US 11,875,822 B1
Performance characteristic transfer for localized content
Rohun Tripathi, Seattle, WA (US); Angshuman Saha, Cupertino, CA (US); and Naveen Sudhakaran Nair, Issaquah, WA (US)
Filed by Amazon Technologies, Inc., Seattle, WA (US)
Filed on May 19, 2022, as Appl. No. 17/748,990.
Int. Cl. G11B 27/031 (2006.01); G06V 20/40 (2022.01); G06V 10/82 (2022.01); G06V 10/774 (2022.01); G10L 25/57 (2013.01); G10L 17/02 (2013.01); G06F 40/58 (2020.01); G10L 17/18 (2013.01); G10L 17/04 (2013.01); G10L 21/013 (2013.01); G10L 17/06 (2013.01)

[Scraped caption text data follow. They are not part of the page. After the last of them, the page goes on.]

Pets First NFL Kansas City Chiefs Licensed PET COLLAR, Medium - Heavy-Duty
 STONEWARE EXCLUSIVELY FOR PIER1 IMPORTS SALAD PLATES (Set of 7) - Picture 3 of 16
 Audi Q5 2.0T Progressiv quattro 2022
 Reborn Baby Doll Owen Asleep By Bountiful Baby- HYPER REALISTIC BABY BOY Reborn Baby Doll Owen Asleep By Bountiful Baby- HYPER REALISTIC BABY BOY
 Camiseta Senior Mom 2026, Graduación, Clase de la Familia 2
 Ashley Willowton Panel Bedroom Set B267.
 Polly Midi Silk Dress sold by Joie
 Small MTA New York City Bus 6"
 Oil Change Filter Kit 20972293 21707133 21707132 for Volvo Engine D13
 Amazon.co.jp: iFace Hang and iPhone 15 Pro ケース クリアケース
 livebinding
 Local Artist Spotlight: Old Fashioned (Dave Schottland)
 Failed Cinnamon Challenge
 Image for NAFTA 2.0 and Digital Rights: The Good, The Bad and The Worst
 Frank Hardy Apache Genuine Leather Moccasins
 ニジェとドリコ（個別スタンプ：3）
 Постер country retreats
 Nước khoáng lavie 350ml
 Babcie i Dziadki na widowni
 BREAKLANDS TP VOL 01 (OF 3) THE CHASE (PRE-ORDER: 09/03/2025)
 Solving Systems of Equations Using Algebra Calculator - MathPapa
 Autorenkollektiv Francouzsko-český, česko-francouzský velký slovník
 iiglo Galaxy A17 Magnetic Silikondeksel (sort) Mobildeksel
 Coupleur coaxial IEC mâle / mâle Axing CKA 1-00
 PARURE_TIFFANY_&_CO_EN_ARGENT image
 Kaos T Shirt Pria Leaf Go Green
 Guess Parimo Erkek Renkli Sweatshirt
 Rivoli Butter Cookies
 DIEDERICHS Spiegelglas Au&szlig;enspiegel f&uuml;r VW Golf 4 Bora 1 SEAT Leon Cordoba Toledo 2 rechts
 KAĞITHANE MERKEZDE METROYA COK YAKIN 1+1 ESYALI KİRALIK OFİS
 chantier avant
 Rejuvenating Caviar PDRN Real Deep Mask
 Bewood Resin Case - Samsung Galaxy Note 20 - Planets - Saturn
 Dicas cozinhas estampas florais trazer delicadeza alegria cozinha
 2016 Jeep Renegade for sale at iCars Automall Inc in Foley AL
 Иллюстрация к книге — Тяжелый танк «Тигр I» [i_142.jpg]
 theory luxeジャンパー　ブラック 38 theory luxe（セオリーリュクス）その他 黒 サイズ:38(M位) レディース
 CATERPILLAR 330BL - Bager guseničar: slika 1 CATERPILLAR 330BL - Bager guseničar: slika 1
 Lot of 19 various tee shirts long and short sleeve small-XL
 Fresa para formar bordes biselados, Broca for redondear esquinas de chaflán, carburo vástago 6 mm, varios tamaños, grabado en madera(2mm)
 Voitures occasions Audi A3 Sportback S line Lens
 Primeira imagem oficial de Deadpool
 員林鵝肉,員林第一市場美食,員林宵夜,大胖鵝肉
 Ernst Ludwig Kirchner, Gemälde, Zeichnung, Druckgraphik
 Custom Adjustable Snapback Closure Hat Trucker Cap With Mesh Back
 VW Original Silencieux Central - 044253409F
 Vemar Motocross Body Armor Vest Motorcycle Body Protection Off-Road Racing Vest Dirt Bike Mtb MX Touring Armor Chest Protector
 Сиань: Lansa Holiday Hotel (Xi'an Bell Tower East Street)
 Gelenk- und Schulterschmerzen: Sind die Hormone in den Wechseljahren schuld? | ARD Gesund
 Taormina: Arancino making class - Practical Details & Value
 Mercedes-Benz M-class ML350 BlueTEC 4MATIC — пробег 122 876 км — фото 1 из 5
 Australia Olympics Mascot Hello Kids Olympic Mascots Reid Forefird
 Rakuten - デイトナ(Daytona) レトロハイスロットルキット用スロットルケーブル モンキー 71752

CPC G11B 27/031 (2013.01) [G06F 40/58 (2020.01); G06V 10/774 (2022.01); G06V 10/82 (2022.01); G06V 20/41 (2022.01); G10L 17/02 (2013.01); G10L 17/04 (2013.01); G10L 17/06 (2013.01); G10L 17/18 (2013.01); G10L 21/013 (2013.01); G10L 25/57 (2013.01); G10L 2021/0135 (2013.01)] 20 Claims
OG exemplary drawing
 
1. A method comprising: receiving first audio data associated with a first performance in a first language; dividing the first audio data into a plurality of audio clips; determining, using a processor, a voice identity score for an audio clip of the plurality of audio clips by using an autoencoder configured to minimize a reconstruction loss between a first output of the autoencoder and a randomly selected audio clip of the plurality of audio clips; determining a voice identity embedding for the first performance based on the voice identity score; generating second audio data by translating the first audio data from the first language into a second language, wherein translating the first audio data comprises using a machine learning model that implements the voice identity embedding of the autoencoder to preserve the voice identity; determining a performance characteristic score of the second audio data by using a twin neural network trained using contrastive learning based on a first training set and a second training set, wherein: the first training set comprises third audio data including positive examples; and the second training set comprises fourth audio data including negative examples, the negative examples identified based on the fourth audio data being temporally misaligned or the fourth audio data having an altered performance characteristic; and determining, using the processor, a loss based on a second output of the machine learning model and the performance characteristic score; and iteratively re-generating the second audio data, using the machine learning model, based on the loss.